Negative equity mortgages
July 14th, 2010
When a person goes into negative equity then on a day to day basis then there may not seem to be a problem. After all the bills are the same, and as long as the person was not relying on borrowing the equity in their home then the negative equity would not impinge on them in the short term.
In the long term there is also little problem, house prices tend to mirror wages in the long run and wages go up. There may be significant periods during which house prices dip, but these are usually over with after a while and so as long as a person keeps paying their mortgage then the negative equity will go away.
However it is in the medium term where it can be a problem. This is when a home owner wishes to move. Usually when a person wants to move then there will be no problem as the person sells their house, pays off the mortgage and then goes into a new house using their equity in the old house to in effect to make a deposit for a new house. This is called the housing ladder.
This pattern is problematic with negative equity. Negative equity means that a person can not sell their house at a profit; they can only sell at a loss.
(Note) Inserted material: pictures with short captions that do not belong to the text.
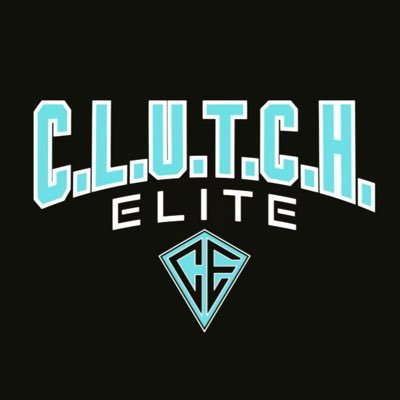 Basketball program based out of Berks County, PA. Committed Leaders United Through Constant Hustle. #boys #girls #basketball #beclutch #elite 💎🏀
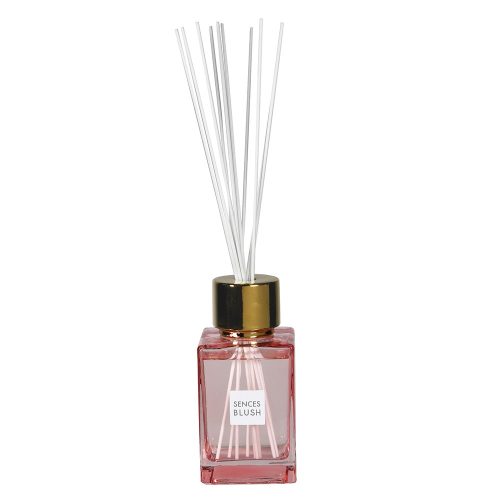 Diffuser - Glass Bottle - 500ml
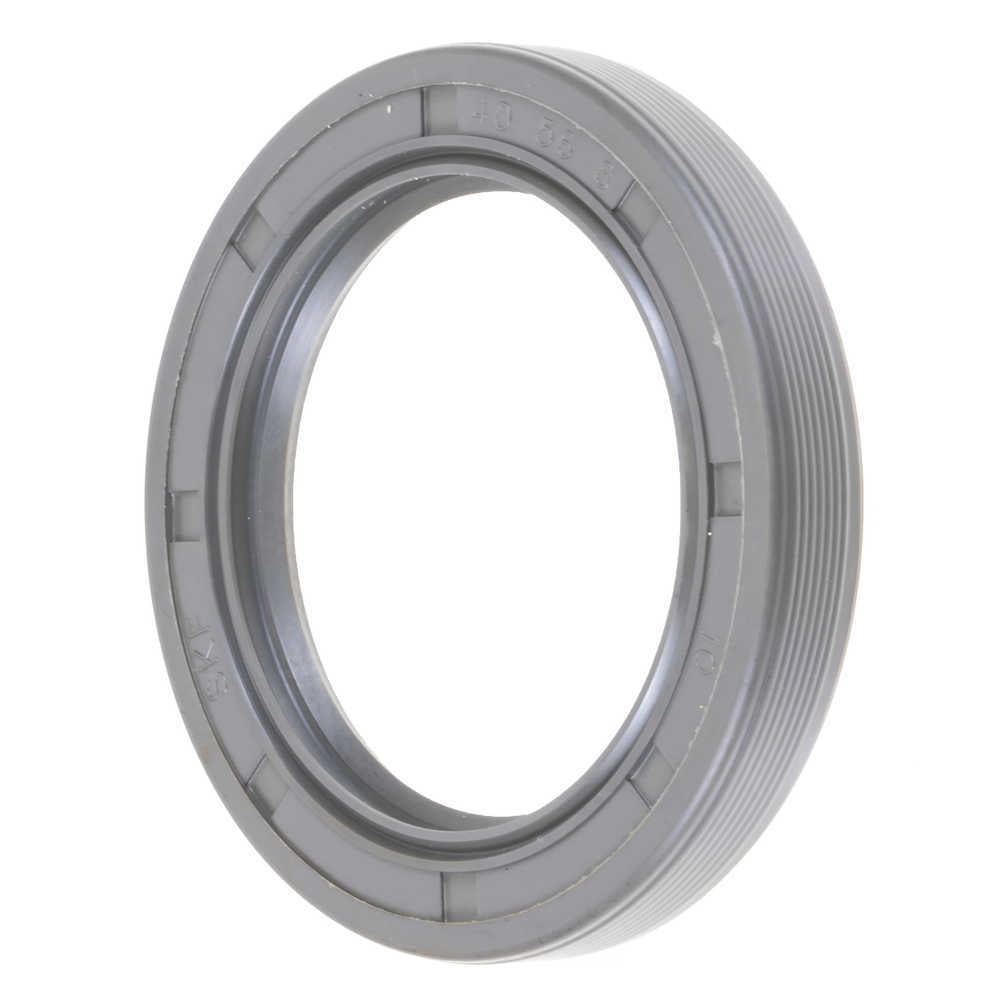 Schaeffler SS6195 Engine Timing Cover Seal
It also means that they do not have a deposit for their house. In some cases they may be transferring their negative equity from one house to another house.
However when there is a general fall in house prices, particularly when this is a sustained fall in house prices, then some mortgage lenders can start offering negative equity mortgages. These mortgages are essentially loaning an amount of money for a home that is less than the value.
This is done for a number of reasons. In many of these cases the old bank that had leant against the original home is now lending against the new home. They may see the negative equity mortgage as a way to ensure the long term business of a client that is a good customer who buys a large number of products and has established a record as a good payer.
Another reason is that it may be a way of ensuring that a person does not simply walk away on their existing loan, or to win business. Most of these loans are based on the premise that the negative equity will be a temporary phenomena.